102nd Annual Meeting of the Cordilleran Section, GSA, 81st Annual Meeting of the Pacific Section, AAPG, and the Western Regional Meeting of the Alaska Section, SPE (8–10 May 2006)

Paper No. 5
Presentation Time: 8:00 AM-11:30 AM

THE ROLE OF VEGETATION CHANGE, DISTURBANCE, AND CLIMATE ON SEDIMENT RECORDS OF LAKE PRODUCTIVITY: SOUTHWEST ALASKA


COHN, Brian, School Of Fisheries and Ocean Sciences, University of Alaska Fairbanks, Fairbanks, AK 99775, HEISER, Patricia, Geological Sciences, University Alaska Anchorage, Anchorage, AK 99508 and FINNEY, Bruce, Institute of Marine Science, University of Alaska, Fairbanks, AK 99775, b.cohn@sfos.uaf.edu

Paleolimnological studies are combined with landcover vegetation analyses in selected lake ecosystems in the Southwest Alaska Network of the National Park Service in order to better understand the impacts of both rapid and recent (last century) and long-term (late Holocene) landscape changes on lake ecosystem dynamics. Evidence from previous studies suggests Alder Fixed Nitrogen (AFN) may exert an important influence on nitrogen cycling and productivity in sub arctic watersheds and lake systems. Paleo lake productivity is reconstructed from down core measurements of changes in organic carbon, nitrogen, phosphorus, and diatom accumulation as well as sedimentary ä 15N and ä 13C. Lake productivity records, ranging in age from 100 to 8000 years, have been reconstructed from at least three lakes in Southwest Alaska. Siliceous microfossils, particularly diatoms were analyzed to provide information on past and present changes in plankton abundance. Characterization of the history of vegetation abundance and spatial distribution is shown by combining pollen records retrieved from sediment cores with a suite of historical, high altitude photographs and landcover datasets. Recent vegetation change is illustrated by comparison of past and future photographic records and landcovers.

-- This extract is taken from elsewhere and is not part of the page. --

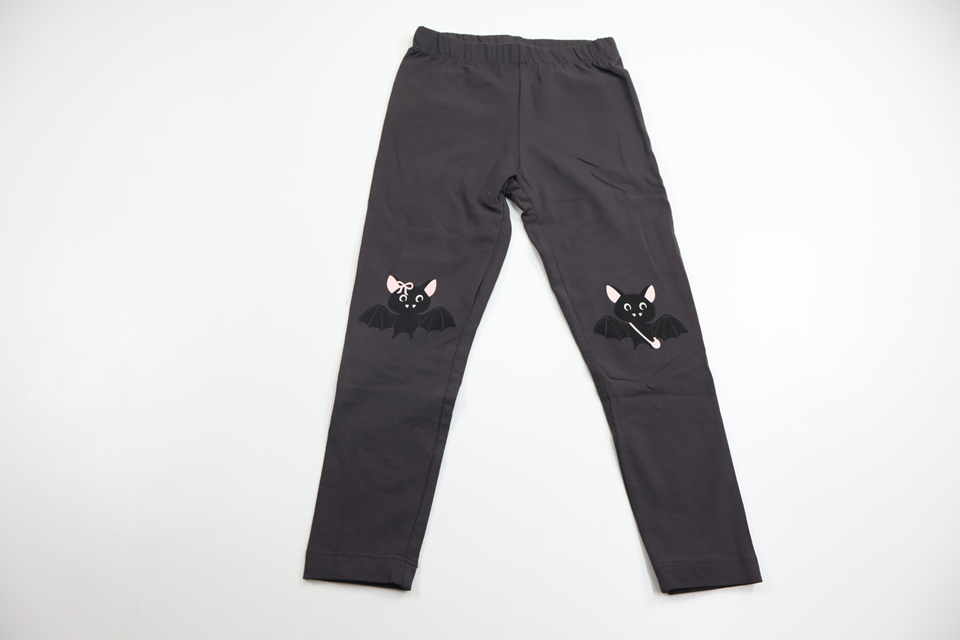 Leggings från Amy & Lucy - Storlek 98/104 - Grå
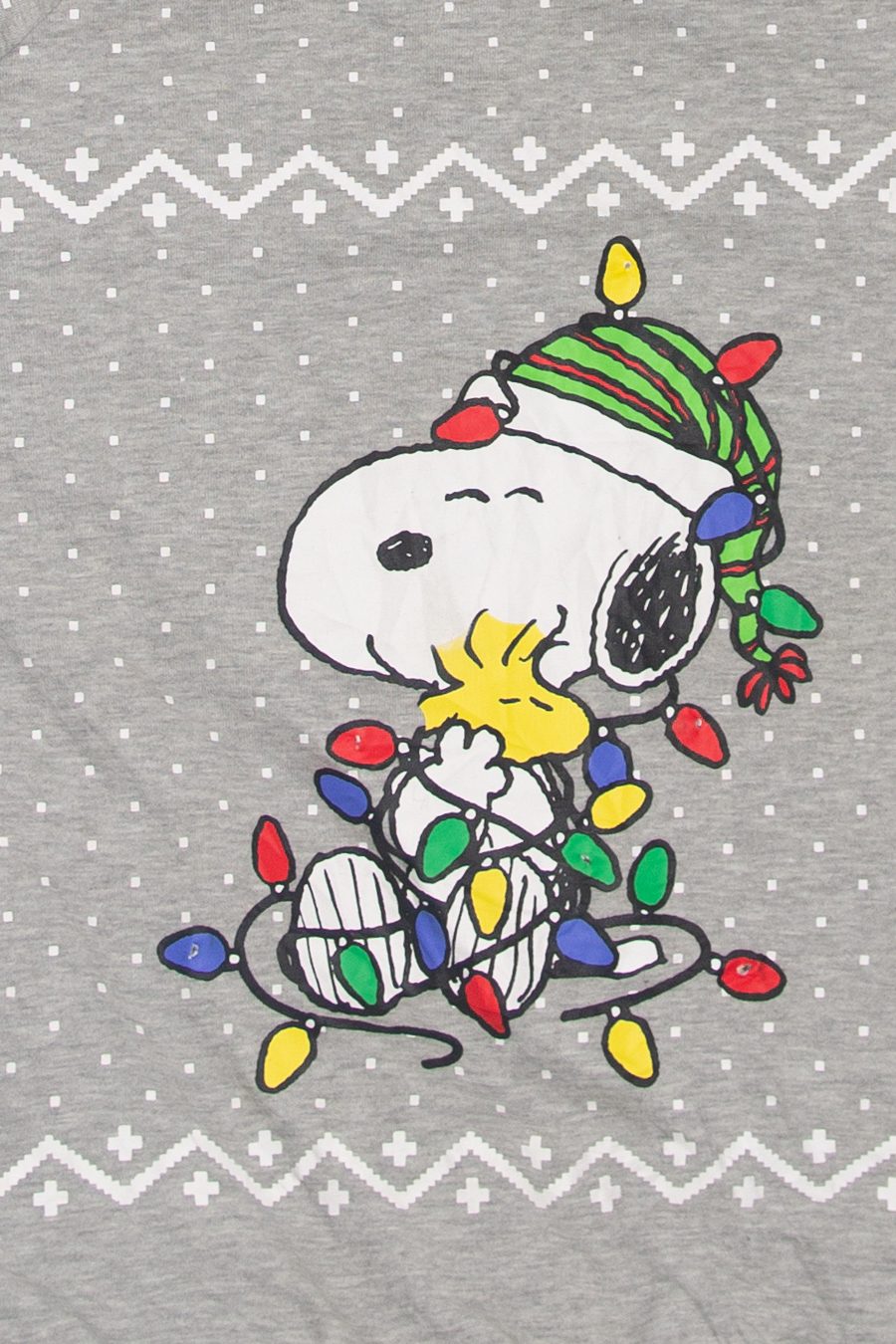 Modern Peanuts Ugly Christmas Sweater (2010s)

Results to date indicate vegetation change, namely an expansion and increased biomass of American Green Alder, is apparent over the last century as seen in the photographic record. Preliminary data suggest that recent increases in lake productivity are also apparent in the sedimentary records over the last 50 years. Disturbances driven by climate, glacial retreat, volcanism and other natural perturbations contribute to, and perhaps at times overprint, vegetation driven processes in lake sediment cores. The combined results allow for an integrated record of terrestrial and aquatic changes and evaluation of the effects of alder among aquatic ecosystems both spatially and temporally. Recent documentation that warming has accelerated over the last three decades may also allow comparisons between the climate driven `alder rise' of the early Holocene, and the alder expansion which we observe occurring today.